# Work instructions
Every line of the material must be set down again without alteration.
━━━ Data to use
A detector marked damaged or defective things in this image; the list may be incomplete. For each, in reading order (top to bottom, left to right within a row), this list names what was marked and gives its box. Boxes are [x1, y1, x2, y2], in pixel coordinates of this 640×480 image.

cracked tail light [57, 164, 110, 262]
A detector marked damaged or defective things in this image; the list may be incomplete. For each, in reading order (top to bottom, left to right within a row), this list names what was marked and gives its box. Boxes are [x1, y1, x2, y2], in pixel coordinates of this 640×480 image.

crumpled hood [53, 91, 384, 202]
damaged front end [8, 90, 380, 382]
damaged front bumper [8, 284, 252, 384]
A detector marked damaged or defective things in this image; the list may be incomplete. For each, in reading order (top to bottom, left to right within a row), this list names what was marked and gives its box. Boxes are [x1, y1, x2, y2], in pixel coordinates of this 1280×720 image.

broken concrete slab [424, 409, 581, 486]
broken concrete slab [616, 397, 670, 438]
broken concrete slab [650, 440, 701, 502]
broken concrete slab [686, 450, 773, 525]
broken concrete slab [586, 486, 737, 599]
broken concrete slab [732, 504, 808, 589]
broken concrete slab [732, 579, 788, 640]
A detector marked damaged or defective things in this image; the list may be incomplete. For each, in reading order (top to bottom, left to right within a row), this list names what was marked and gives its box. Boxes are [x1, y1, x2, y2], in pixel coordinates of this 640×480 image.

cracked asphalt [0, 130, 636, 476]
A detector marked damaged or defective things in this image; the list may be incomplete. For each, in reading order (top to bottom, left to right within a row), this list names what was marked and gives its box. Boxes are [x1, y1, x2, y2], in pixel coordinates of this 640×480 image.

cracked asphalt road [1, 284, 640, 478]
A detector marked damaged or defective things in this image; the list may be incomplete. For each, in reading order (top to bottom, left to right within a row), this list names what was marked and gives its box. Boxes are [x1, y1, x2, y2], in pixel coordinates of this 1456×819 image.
━━━━━━
# Response
A detector marked damaged or defective things in this image; the list may be incomplete. For each, in reading order (top to bottom, left to right within a row), this list names what was marked and gives its box. Boxes are [x1, y1, x2, y2], in pixel coordinates of this 640×480 image.

cracked tail light [57, 164, 110, 262]
A detector marked damaged or defective things in this image; the list may be incomplete. For each, in reading order (top to bottom, left to right within a row), this list names what was marked and gives its box. Boxes are [x1, y1, x2, y2], in pixel coordinates of this 640×480 image.

crumpled hood [53, 91, 384, 202]
damaged front end [8, 90, 380, 382]
damaged front bumper [8, 284, 252, 384]
A detector marked damaged or defective things in this image; the list may be incomplete. For each, in reading order (top to bottom, left to right within a row), this list names what was marked and gives its box. Boxes are [x1, y1, x2, y2], in pixel coordinates of this 1280×720 image.

broken concrete slab [424, 409, 581, 486]
broken concrete slab [616, 397, 670, 438]
broken concrete slab [650, 440, 701, 502]
broken concrete slab [686, 450, 773, 525]
broken concrete slab [586, 486, 737, 599]
broken concrete slab [732, 504, 808, 589]
broken concrete slab [732, 579, 788, 640]
A detector marked damaged or defective things in this image; the list may be incomplete. For each, in reading order (top to bottom, left to right within a row), this list names what was marked and gives its box. Boxes are [x1, y1, x2, y2], in pixel coordinates of this 640×480 image.

cracked asphalt [0, 130, 636, 476]
A detector marked damaged or defective things in this image; the list may be incomplete. For each, in reading order (top to bottom, left to right within a row), this list names what was marked and gives its box. Boxes are [x1, y1, x2, y2], in pixel coordinates of this 640×480 image.

cracked asphalt road [1, 284, 640, 478]
A detector marked damaged or defective things in this image; the list may be incomplete. For each, in reading order (top to bottom, left to right within a row), this list names what was marked and gives its box. Boxes are [x1, y1, x2, y2], in pixel coordinates of this 1456×819 image.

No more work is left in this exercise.